Calderoli oltre

di Giorgio Gandola

Nella società della comunicazione l’ultima dichiarazione è quella che conta, soprattutto per i politici in perenne stato di eccitazione elettorale. Forse per questo il vicepresidente del Senato, Roberto Calderoli, si è sentito in dovere di fare una puntualizzazione psichedelica.

Nella società della comunicazione l’ultima dichiarazione è quella che conta, soprattutto per i politici in perenne stato di eccitazione elettorale. Forse per questo il vicepresidente del Senato, Roberto Calderoli, si è sentito in dovere di fare una puntualizzazione psichedelica riguardo all’evoluzione giudiziaria dei suoi insulti al ministro Kyenge e alla decisione della Procura di Bergamo di chiedere il giudizio immediato per diffamazione aggravata.

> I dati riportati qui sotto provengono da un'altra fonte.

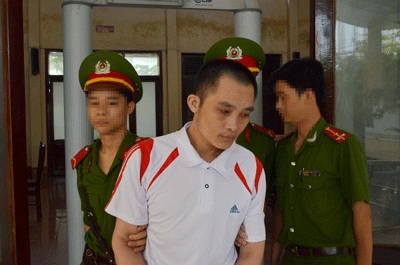 Bùi Trung Kiên trong vòng dẫn giải của Cảnh sát hỗ trợ Tư pháp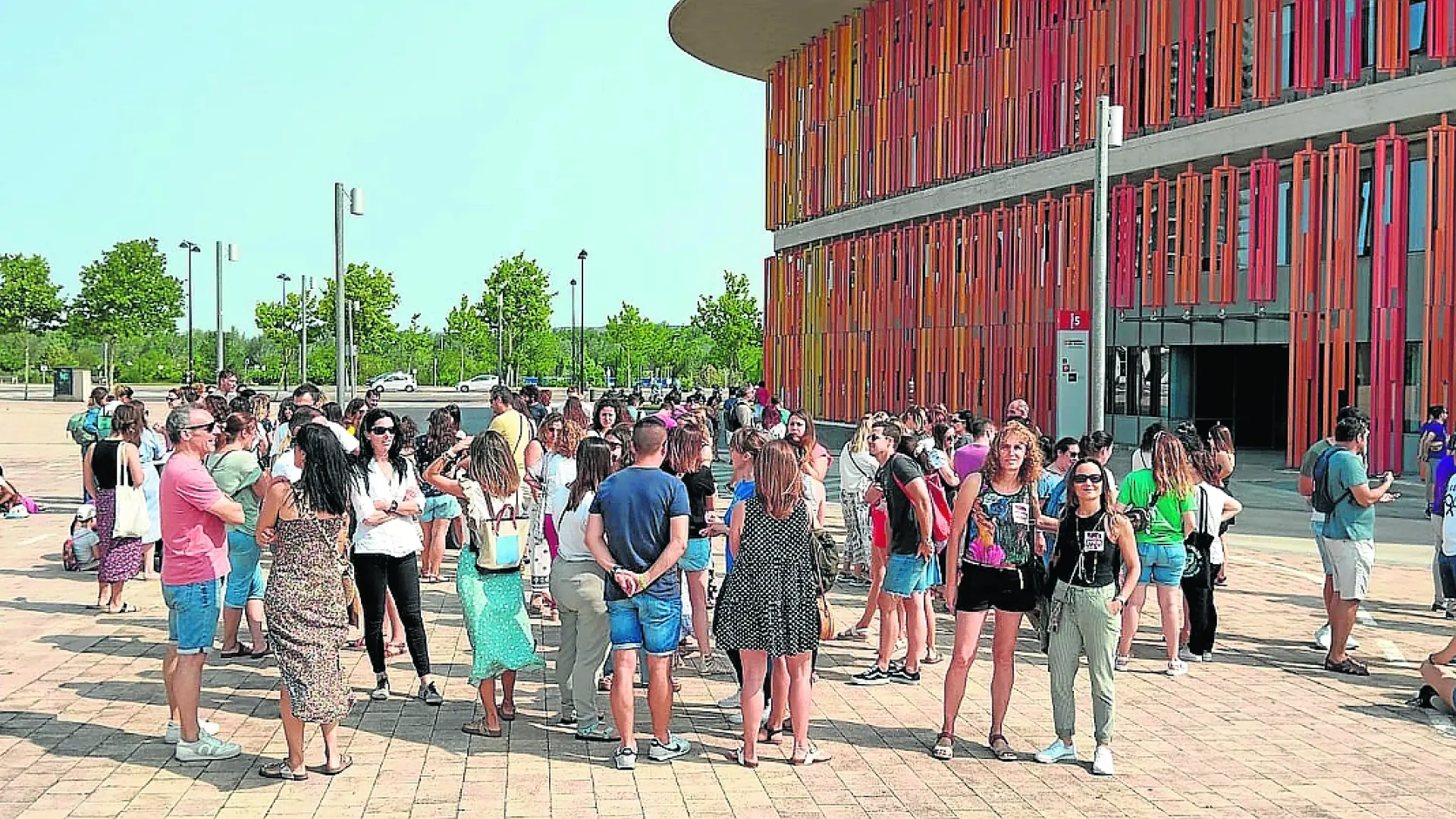 Una veintena de colegios en Aragón piden que se cumpla la asignación de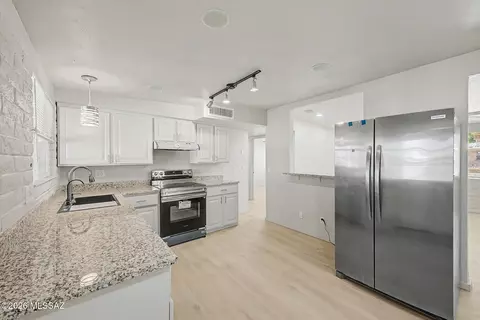 7841 E Longleaf Pl, Tucson, AZ 85730 photo 1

«Ritengo sconcertante il fatto che su L’Eco di Bergamo e sul sito del medesimo giornale sia comparsa la notizia che il gip Giovanni Petillo abbia a tempo di record accolto la richiesta del pm e fissato il processo per il 6 maggio senza che il diretto interessato nè il suo avvocato ne avessero ricevuto comunicazione alcuna. Generalmente celerità fa rima con efficienza, ma in materia di Giustizia penso che abbia una certa rilevanza anche il rispetto delle procedure». Fin qui niente da dire, se non che giornale e sito hanno la buona abitudine di pubblicare le notizie quando ne vengono in possesso e non di lasciarle frollare come fagiani. Aggiunge Calderoli: «Auspico la medesima solerzia ed efficienza per la risoluzione del caso di Yara Gambirasio, per cui parenti e amici attendono giustizia da quasi tre anni, anche se capisco bene che una frase detta in un comizio sia più grave di dell’omicidio di un’innocente tredicenne». Un parallelo sgangherato e strumentale che nessuno merita. Nè chi lavora per risolvere il caso, nè una famiglia trafitta che in silenzio chiede solo rispetto.